マーチャンダイジングについてはまだ検討段階、ただ資料を読むにフレッシュをメインに据えるようなので、ニューヨークのマンハッタンにあるような総菜ストアのような感じになるのでしょうかね。


マンハッタンのような人口が密集している大都会を除いてアメリカにはこのタイプの店がほとんどありません。
昔はあったのでしょうが、スーパーマーケットが駆逐してしまいました。一つは車社会、一つはまとめ買い文化、に理由があります。

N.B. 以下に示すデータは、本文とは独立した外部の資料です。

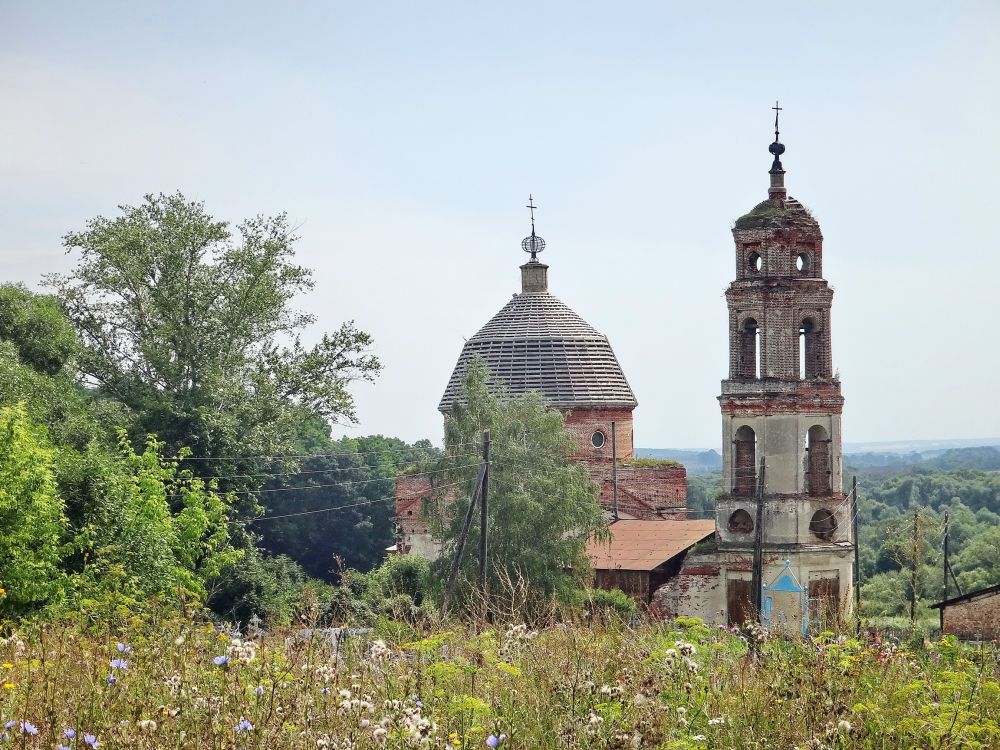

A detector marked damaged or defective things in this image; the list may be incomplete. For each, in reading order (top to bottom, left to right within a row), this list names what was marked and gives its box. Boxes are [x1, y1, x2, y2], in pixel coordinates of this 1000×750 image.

rusty metal roof [436, 286, 632, 412]
rusty metal roof [584, 520, 720, 572]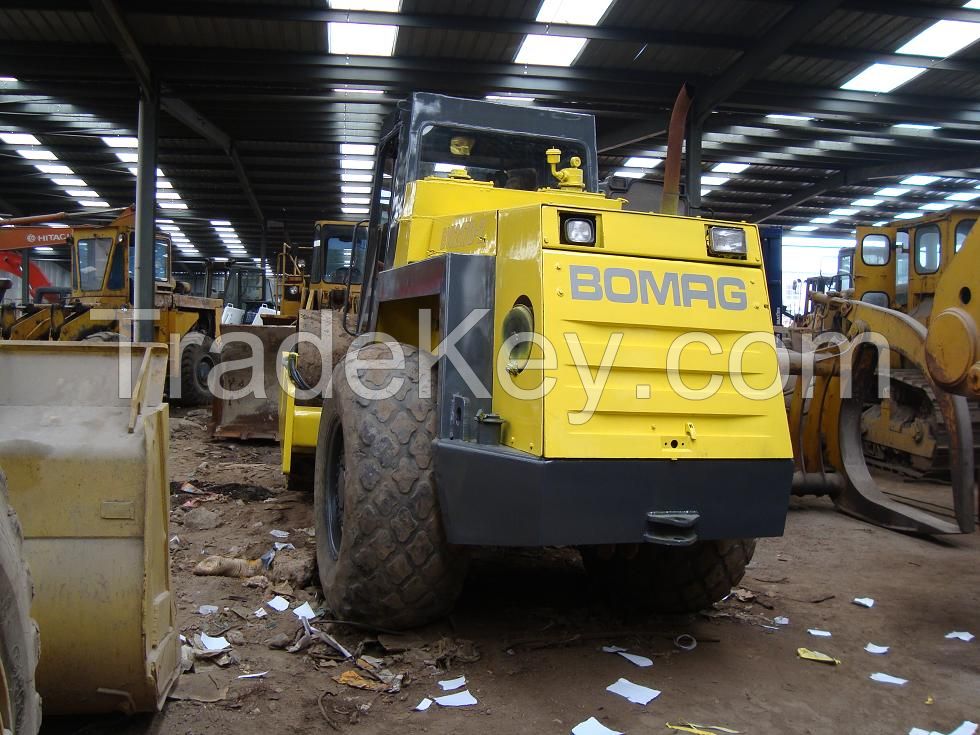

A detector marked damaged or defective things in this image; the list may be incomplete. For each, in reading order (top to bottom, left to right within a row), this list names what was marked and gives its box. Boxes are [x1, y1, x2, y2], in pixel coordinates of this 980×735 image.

ほとんど存在しないだけに価値はありそうですが、しかしニーズがないから存在しないとも言え、この実験の行方は注目できると思っています。

投稿者: 鈴木敏仁 日時: 2:22 PM |

July 20, 2011

[フレッシュ&イージー] 店舗のリノベーションに着手

一昨日に続いてのフレッシュ&イージーのニュースです。どうやらファイナンシャル・タイムズの記者が米国事業の責任者ティム・メイソンと一緒に店舗訪問して書いた記事の模様。

店舗デザインとマーチャンダイジングの変更です。

・花を現在の店舗の中央付近から入り口付近へ移動する。
・持ち帰り用のフレッシュコーヒーを実験する。
・対面サービスのベーカリーを導入する。
・HBC売場を縮小して加工食品500アイテムを加える。
・約3分の1の店舗面積をウッドフロアとする。

ティム・メイソンのコメントを抄訳します。
「フレッシュ&イージーは極めてシンプルなリテールモデルである。何かを加えると言うことはコストを加えることなのだが、今回の変更は加える価値が十分にあるものだ」。


このシンプルなリテールモデルがキーワードですよね。

どこまでこれにコミットしながら、食品リテーラーとしての楽しさや賑やかさを作っていけるかがフレッシュ&イージーの成否を握るかと。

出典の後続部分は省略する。